▶ _DESCRIPTION OF THE TASK_
All lines below must be repeated exactly, with the pictures omitted.

(Collected data)

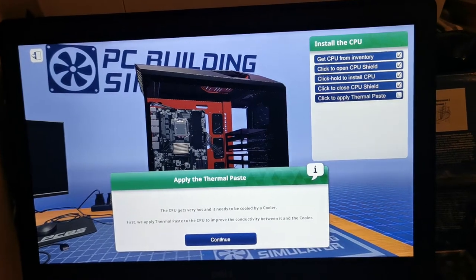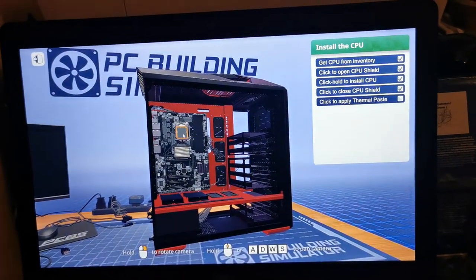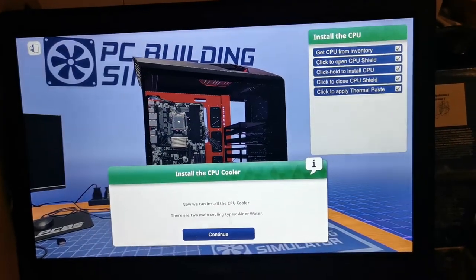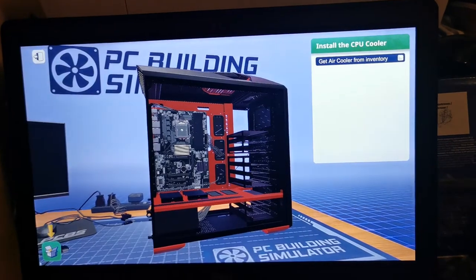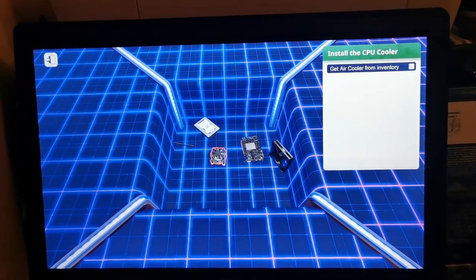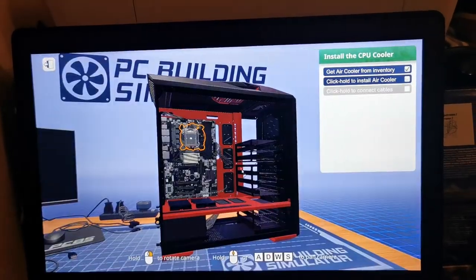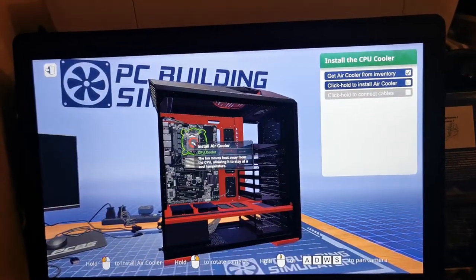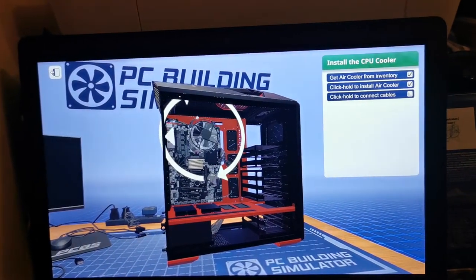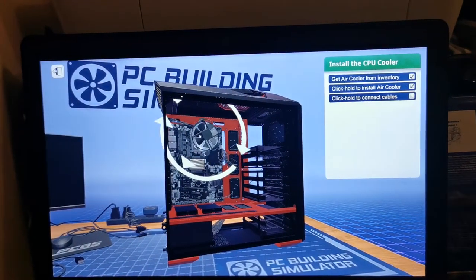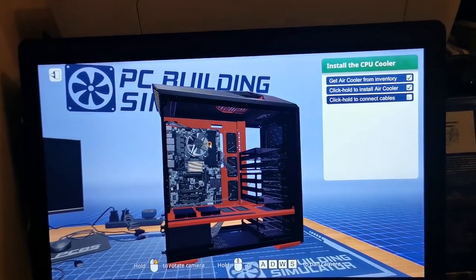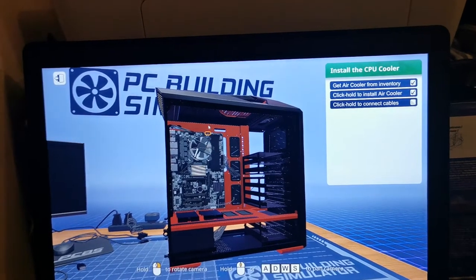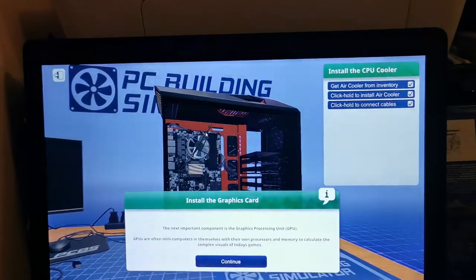We have to put the cooler over it so it doesn't get too hot. We have to put a fan over it so it doesn't get too hot. Then you have to connect it from two ways.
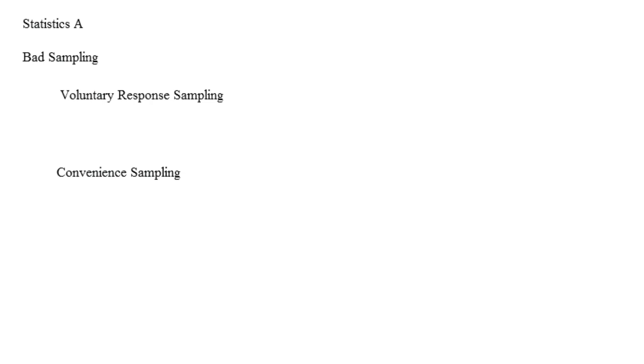Some prime examples of voluntary response sampling include calling into a radio station to ask for a song by your favorite singer, answering a survey or a meme on your friend's blog, or filling out a comment box at the back of your professor's classroom. In other words, you are probably not going to do it unless you really feel strongly about it.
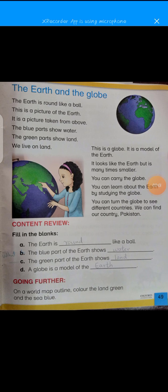Assalamu alaikum Class 1 students, how are you all? I hope you are fine and enjoying your online lectures and completing your work. This is the next topic, video number four of your SST. Take out your book and open page number 49. The topic is The Earth and the Globe. Write down the date on the top of the page.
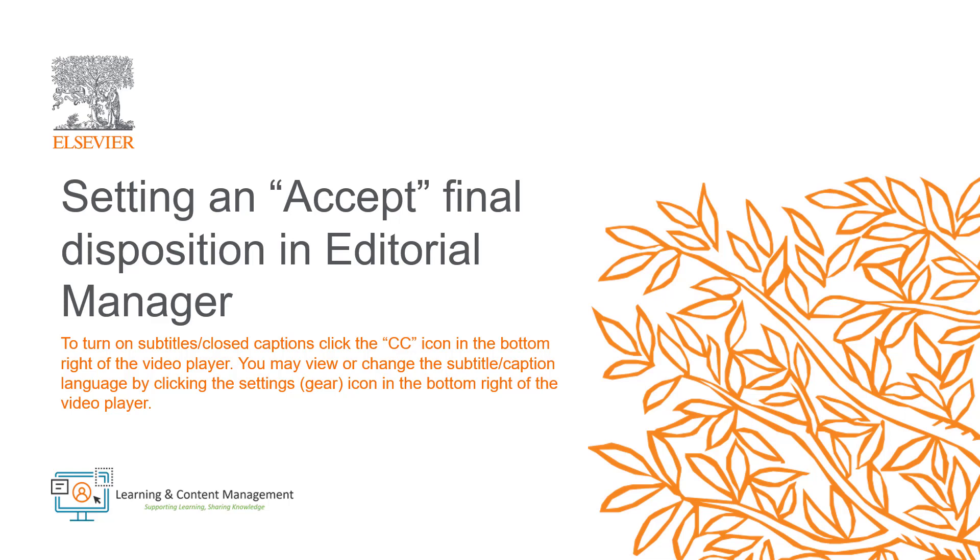In this video, I will discuss the steps to take in Editorial Manager when setting the final disposition on a manuscript following an accept decision. Please note, for many journals, this is an automated process. These steps only need to be taken for journals where the final disposition steps are manual. Should you have any questions or concerns regarding this process, please contact your journal manager for assistance.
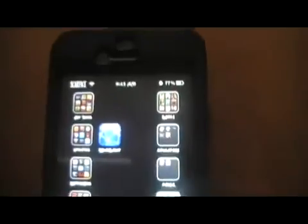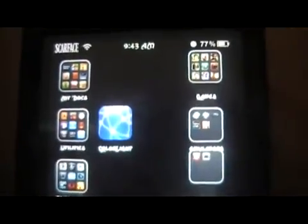Please like and subscribe to the video and check out my channel for all the other Cydia tweaks and apps that I have, and stay tuned for more. This is ModMasterJay. Out.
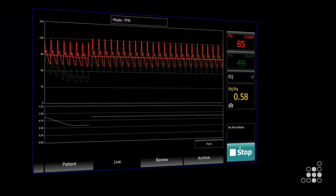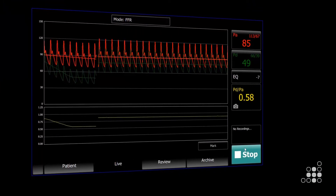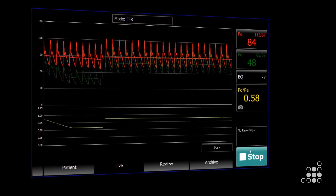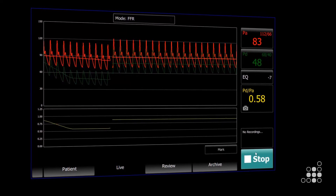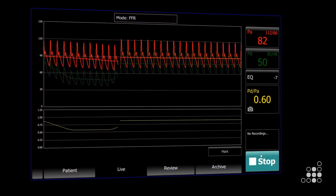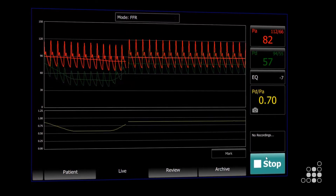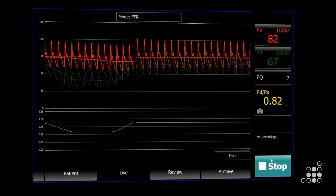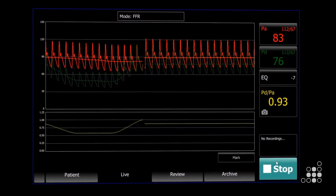FFR is now implemented in the guidelines. We use pressure wires or pressure catheters now for the decision-making process in interventional cardiology in a lot of cases.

▶ _REPLY_
We have to put the cooler over it so it doesn't get too hot. We have to put a fan over it so it doesn't get too hot. Then you have to connect it from two ways.
Some prime examples of voluntary response sampling include calling into a radio station to ask for a song by your favorite singer, answering a survey or a meme on your friend's blog, or filling out a comment box at the back of your professor's classroom. In other words, you are probably not going to do it unless you really feel strongly about it.
Assalamu alaikum Class 1 students, how are you all? I hope you are fine and enjoying your online lectures and completing your work. This is the next topic, video number four of your SST. Take out your book and open page number 49. The topic is The Earth and the Globe. Write down the date on the top of the page.
In this video, I will discuss the steps to take in Editorial Manager when setting the final disposition on a manuscript following an accept decision. Please note, for many journals, this is an automated process. These steps only need to be taken for journals where the final disposition steps are manual. Should you have any questions or concerns regarding this process, please contact your journal manager for assistance.
Please like and subscribe to the video and check out my channel for all the other Cydia tweaks and apps that I have, and stay tuned for more. This is ModMasterJay. Out.
FFR is now implemented in the guidelines. We use pressure wires or pressure catheters now for the decision-making process in interventional cardiology in a lot of cases.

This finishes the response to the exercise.